• Your task: Find the line containing "Latest Program: Target". Reproduce it and every line after it up to the end of the records, exactly as written.

______

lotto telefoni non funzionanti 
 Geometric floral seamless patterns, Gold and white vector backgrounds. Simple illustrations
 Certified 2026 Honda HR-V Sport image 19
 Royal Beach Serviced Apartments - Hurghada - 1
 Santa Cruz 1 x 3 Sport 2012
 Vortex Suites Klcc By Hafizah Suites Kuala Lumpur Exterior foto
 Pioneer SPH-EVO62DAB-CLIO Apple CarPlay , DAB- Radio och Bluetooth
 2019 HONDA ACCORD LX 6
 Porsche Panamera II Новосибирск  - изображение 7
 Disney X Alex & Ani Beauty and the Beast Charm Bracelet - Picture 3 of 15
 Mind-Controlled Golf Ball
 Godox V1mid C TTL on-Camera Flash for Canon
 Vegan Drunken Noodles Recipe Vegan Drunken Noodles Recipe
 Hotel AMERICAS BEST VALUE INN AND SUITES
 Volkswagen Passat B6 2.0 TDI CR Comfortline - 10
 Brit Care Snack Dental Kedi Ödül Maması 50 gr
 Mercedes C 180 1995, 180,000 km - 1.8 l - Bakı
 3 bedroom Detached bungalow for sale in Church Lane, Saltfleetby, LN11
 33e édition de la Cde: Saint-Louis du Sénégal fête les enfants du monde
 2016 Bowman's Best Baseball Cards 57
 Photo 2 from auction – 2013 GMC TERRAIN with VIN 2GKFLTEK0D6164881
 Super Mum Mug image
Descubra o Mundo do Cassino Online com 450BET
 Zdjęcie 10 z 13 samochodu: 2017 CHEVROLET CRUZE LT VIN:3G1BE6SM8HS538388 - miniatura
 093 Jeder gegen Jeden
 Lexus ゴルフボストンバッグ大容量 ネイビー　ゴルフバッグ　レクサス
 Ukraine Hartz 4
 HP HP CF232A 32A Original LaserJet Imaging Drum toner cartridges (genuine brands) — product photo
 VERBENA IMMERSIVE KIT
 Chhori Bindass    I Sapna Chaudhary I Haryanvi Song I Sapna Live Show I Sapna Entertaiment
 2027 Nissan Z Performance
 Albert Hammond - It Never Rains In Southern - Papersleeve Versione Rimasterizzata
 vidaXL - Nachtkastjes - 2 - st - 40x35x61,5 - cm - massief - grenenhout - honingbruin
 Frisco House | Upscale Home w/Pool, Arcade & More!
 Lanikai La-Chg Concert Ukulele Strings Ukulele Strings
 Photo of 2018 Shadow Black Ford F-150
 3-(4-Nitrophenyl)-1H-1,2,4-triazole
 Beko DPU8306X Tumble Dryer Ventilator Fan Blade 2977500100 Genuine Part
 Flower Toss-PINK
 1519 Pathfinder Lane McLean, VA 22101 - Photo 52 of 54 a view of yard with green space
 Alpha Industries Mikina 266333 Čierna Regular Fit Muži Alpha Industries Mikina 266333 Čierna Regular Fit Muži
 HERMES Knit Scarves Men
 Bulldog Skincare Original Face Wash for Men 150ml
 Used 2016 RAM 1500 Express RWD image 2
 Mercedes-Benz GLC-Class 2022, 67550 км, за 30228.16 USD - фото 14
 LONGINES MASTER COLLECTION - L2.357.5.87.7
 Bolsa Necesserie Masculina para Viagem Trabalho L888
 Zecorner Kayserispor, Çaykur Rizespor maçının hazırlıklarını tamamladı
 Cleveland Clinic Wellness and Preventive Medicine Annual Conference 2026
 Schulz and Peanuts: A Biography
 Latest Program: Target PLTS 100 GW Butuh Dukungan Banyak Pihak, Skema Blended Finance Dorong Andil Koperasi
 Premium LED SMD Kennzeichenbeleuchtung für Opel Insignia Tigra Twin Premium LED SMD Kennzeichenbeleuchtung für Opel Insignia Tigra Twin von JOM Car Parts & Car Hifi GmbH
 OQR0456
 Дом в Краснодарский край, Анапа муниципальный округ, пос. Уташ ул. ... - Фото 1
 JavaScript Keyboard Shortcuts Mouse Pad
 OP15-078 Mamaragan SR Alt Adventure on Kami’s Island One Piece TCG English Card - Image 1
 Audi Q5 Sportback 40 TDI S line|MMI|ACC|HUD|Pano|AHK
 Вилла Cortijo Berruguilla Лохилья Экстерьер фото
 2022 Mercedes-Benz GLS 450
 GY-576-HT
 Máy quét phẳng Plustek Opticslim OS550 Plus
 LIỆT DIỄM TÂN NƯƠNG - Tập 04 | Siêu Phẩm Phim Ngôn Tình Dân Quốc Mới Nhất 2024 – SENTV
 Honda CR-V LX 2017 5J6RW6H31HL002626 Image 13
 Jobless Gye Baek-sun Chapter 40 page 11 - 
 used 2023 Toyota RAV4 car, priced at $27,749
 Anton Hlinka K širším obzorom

______

• Task response:
 Latest Program: Target PLTS 100 GW Butuh Dukungan Banyak Pihak, Skema Blended Finance Dorong Andil Koperasi
 Premium LED SMD Kennzeichenbeleuchtung für Opel Insignia Tigra Twin Premium LED SMD Kennzeichenbeleuchtung für Opel Insignia Tigra Twin von JOM Car Parts & Car Hifi GmbH
 OQR0456
 Дом в Краснодарский край, Анапа муниципальный округ, пос. Уташ ул. ... - Фото 1
 JavaScript Keyboard Shortcuts Mouse Pad
 OP15-078 Mamaragan SR Alt Adventure on Kami’s Island One Piece TCG English Card - Image 1
 Audi Q5 Sportback 40 TDI S line|MMI|ACC|HUD|Pano|AHK
 Вилла Cortijo Berruguilla Лохилья Экстерьер фото
 2022 Mercedes-Benz GLS 450
 GY-576-HT
 Máy quét phẳng Plustek Opticslim OS550 Plus
 LIỆT DIỄM TÂN NƯƠNG - Tập 04 | Siêu Phẩm Phim Ngôn Tình Dân Quốc Mới Nhất 2024 – SENTV
 Honda CR-V LX 2017 5J6RW6H31HL002626 Image 13
 Jobless Gye Baek-sun Chapter 40 page 11 - 
 used 2023 Toyota RAV4 car, priced at $27,749
 Anton Hlinka K širším obzorom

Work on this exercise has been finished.